* [Recorded data]:
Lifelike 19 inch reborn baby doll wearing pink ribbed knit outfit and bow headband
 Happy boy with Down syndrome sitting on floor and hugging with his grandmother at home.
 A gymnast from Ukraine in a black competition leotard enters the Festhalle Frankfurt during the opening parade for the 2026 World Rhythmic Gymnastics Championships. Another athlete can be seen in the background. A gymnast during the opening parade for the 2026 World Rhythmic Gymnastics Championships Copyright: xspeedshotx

* [Description of the task]:
Provide an exact copy of all the material.

* [Output below]:
Lifelike 19 inch reborn baby doll wearing pink ribbed knit outfit and bow headband
 Happy boy with Down syndrome sitting on floor and hugging with his grandmother at home.
 A gymnast from Ukraine in a black competition leotard enters the Festhalle Frankfurt during the opening parade for the 2026 World Rhythmic Gymnastics Championships. Another athlete can be seen in the background. A gymnast during the opening parade for the 2026 World Rhythmic Gymnastics Championships Copyright: xspeedshotx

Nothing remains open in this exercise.